From a practical portfolio standpoint, the following examples all serve as a specific portfolio model that can be used to maximize the value you get from your personal investments:

  • Investing for Income

    This is the portfolio that is best tailored towards an individual entering their early-mid earning years. You have bills to pay, maybe a mortgage, and you need to make ends meet, while still making reasonable contributions towards the future. You’ll need less liquidity because you’ll have planned out your incomes well enough to handle them with your fixed income investments.

    Your equity securities will also be a bit smaller compared to other portfolios because you’re more concerned with reducing your living obligations. Your goal here is to strengthen your position today, so that you can build a greater future tomorrow.

    Money Instruments: 5-10%
    Fixed-Income: 70-80%
    Equity Securities: 10-25%

    Physical Assets

    You’re trying to pay off the balance on that home/car loan, so your physical assets should be looked at as holding back your fixed-income payments. Balance those payments out so that you can free yourself from that obligation.

  • Investing for Growth

    This portfolio is made for people in the mid-late earning years of their lives, looking to kick-start their retirement savings. Your bills and debts are under control, and you’re entering the peak of your salary years. Now is the time to start making the equity commitments, while holding a bit more liquidity so that you can be ready to pounce on the market whenever those big earnings opportunities arise.

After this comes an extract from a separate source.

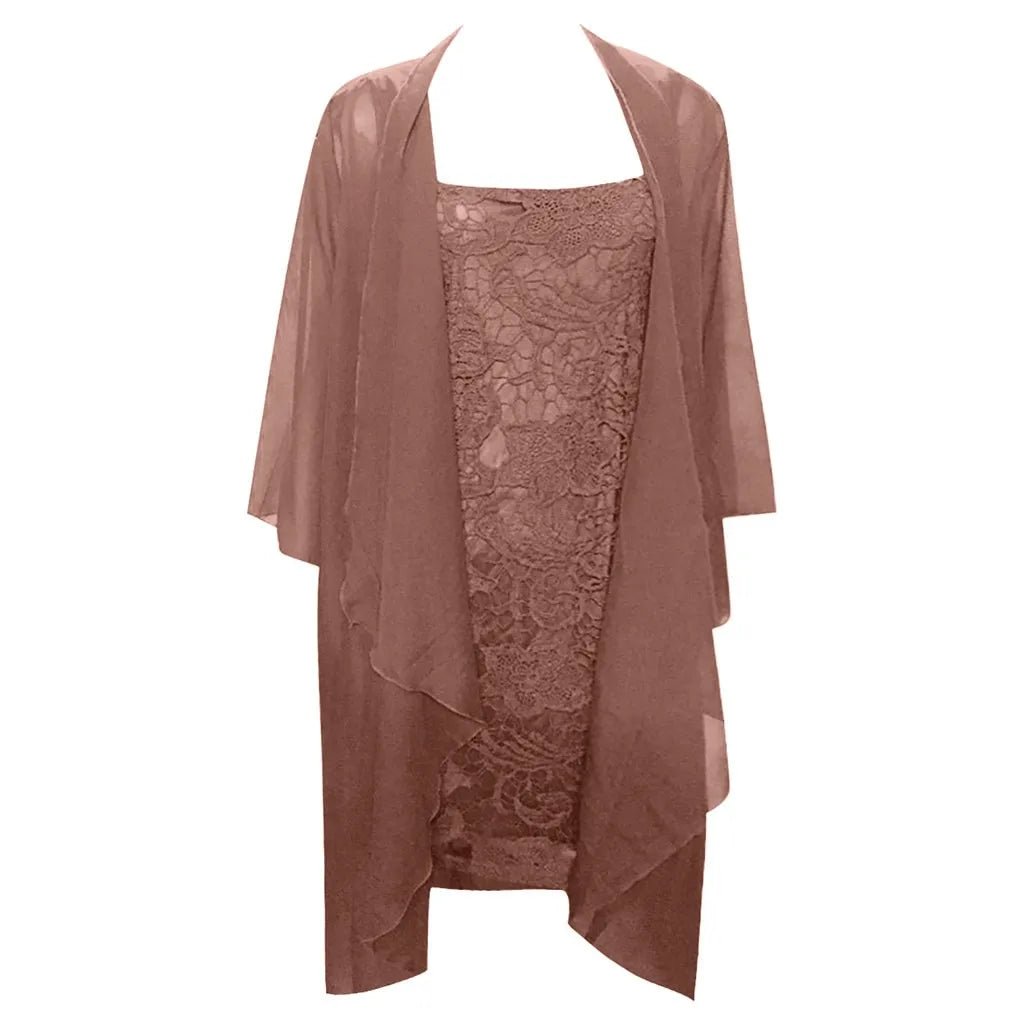 Two-Piece Lace Half-Sleeve Midi Mother of the Bride Dress - Luzilly Bridal & Apparel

    Money Instrument: 10-30%
    Fixed-Income: 10-50%
    Equity Securities: 40-60%

    Physical Assets

    In this portfolio, your assets empower you to generate returns. They provide you with equity for leverage, and act as an investment opportunity in themselves through improvements. Consider your physical assets as a supplement to your equity securities, and start thinking about how it is you can cash out on this value.

  • Investing Towards a Goal

    This portfolio is tailored for people with specific goals in mind. Buying a home, taking a vacation, or saving for a child’s education are all examples of concrete goals in the mid-term future, which can be saved for through a portfolio. Because we have a tangible goal on the line, we want to have certainty about the availability of funds by the time of the deadline. This means that risk, as well as stagnant cash, is generally unacceptable. We want predictability more than anything, which makes this strategy similar to the above income portfolio, except that it allows for a bit more flexibility in the use of equities.

    Money Instruments: 5-10%
    Fixed Income: 50-75%
    Equity Securities: 15-45% (focus on reliable dividends for this model)

    Physical Asset

    A discrete goal should generally be considered against its contribution towards your portfolio’s overall value. If you are making a purchase (such as a house), think of how it is that this goal contributes to your overall net-worth, as well as how it will serve as a long-term investment or burden. If your goal is more intangible, consider it as a function of your overall returns (ie. That $10,000 vacation is a reward that your portfolio purchased for you).

While these are still only a few basic examples of portfolio balancing, it illustrates how it is that you can apply your investments towards creating an investment strategy that is most relevant to you. Take a moment to think about how it is that each of these strategies could apply to a different aspect of your lifestyle or goals, and you may be able to clarify for yourself what parts of these factors are most important to your life, and how you can use them to your advantage.